September 3, 2012 | Volume 87, Number 22
St. Pius teens and their new friends at Kuzzen’s Camp in Exmore on the Eastern Shore.
Eastern Shore migrant ministry involves many
It was on the front porch at a summer birthday party in 2010 when two “moms from St. Pius” first started talking about a desire to delve into mission work.
For me, it was a longing to return to work once lived on the mission fields of Nicaragua.
For retired Navy Captain Jeanne McDonnell Johnson, it was a desire to more fully understand the transformation in her son who just returned from the very same place.
Little did we know then that our next mission field would be in our own back yard.
I had first discovered the needs of the Eastern Shore migrant farm workers in July 2011 while researching a Catholic Virginian article on St.
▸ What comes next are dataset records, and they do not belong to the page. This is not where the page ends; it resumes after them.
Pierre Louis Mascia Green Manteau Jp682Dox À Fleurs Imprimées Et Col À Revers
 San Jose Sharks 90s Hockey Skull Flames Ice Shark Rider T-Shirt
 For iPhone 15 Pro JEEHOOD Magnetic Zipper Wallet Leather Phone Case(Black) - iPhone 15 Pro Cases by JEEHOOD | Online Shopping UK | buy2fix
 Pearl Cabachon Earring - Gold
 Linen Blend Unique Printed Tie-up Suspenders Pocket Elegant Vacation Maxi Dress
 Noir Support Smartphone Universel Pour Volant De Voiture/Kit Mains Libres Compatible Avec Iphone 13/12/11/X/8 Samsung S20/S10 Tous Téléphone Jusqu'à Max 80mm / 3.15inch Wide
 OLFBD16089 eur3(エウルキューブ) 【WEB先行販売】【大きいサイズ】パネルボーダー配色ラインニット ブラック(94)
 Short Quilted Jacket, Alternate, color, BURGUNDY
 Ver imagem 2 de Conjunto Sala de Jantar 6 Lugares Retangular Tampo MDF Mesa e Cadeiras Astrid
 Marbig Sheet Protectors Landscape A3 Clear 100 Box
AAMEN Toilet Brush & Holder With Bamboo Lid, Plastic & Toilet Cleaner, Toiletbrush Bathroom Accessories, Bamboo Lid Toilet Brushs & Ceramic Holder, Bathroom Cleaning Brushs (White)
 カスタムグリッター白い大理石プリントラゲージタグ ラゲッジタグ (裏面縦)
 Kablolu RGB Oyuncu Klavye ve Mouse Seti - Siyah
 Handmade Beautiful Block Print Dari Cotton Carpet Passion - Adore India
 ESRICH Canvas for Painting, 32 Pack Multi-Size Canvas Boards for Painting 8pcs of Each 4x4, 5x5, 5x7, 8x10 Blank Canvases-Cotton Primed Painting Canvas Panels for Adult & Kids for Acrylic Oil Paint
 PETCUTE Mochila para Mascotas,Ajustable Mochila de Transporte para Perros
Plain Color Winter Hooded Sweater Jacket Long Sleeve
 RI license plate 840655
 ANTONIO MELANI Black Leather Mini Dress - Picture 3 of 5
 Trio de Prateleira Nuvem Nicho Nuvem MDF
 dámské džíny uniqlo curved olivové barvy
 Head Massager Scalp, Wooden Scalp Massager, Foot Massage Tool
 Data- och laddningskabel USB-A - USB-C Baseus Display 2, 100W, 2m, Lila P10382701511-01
Peter the Apostle Catholic Church in Onley. The small rural parish along with St. Andrew (Chincoteague Island) and St. Charles (Cape Charles) spend much of their summer months helping to clothe, feed, and minister to the thousands that labor their way through primarily tomato fields on the Eastern Shore.
As many as 2,500 to 5,000 mostly Mexican, Central American, and some Haitian migrant workers and their families arrive from fields in Florida, Texas, and the Carolinas to help harvest the vegetables we so readily find on our grocery store shelves.
Laboring 10 to 14 hours a day in 90+ degrees and stifling humidity, there is no overtime pay, no sick leave, no paid vacation, no health insurance and no pension plan. When the weather is bad there is often no work, and therefore no income.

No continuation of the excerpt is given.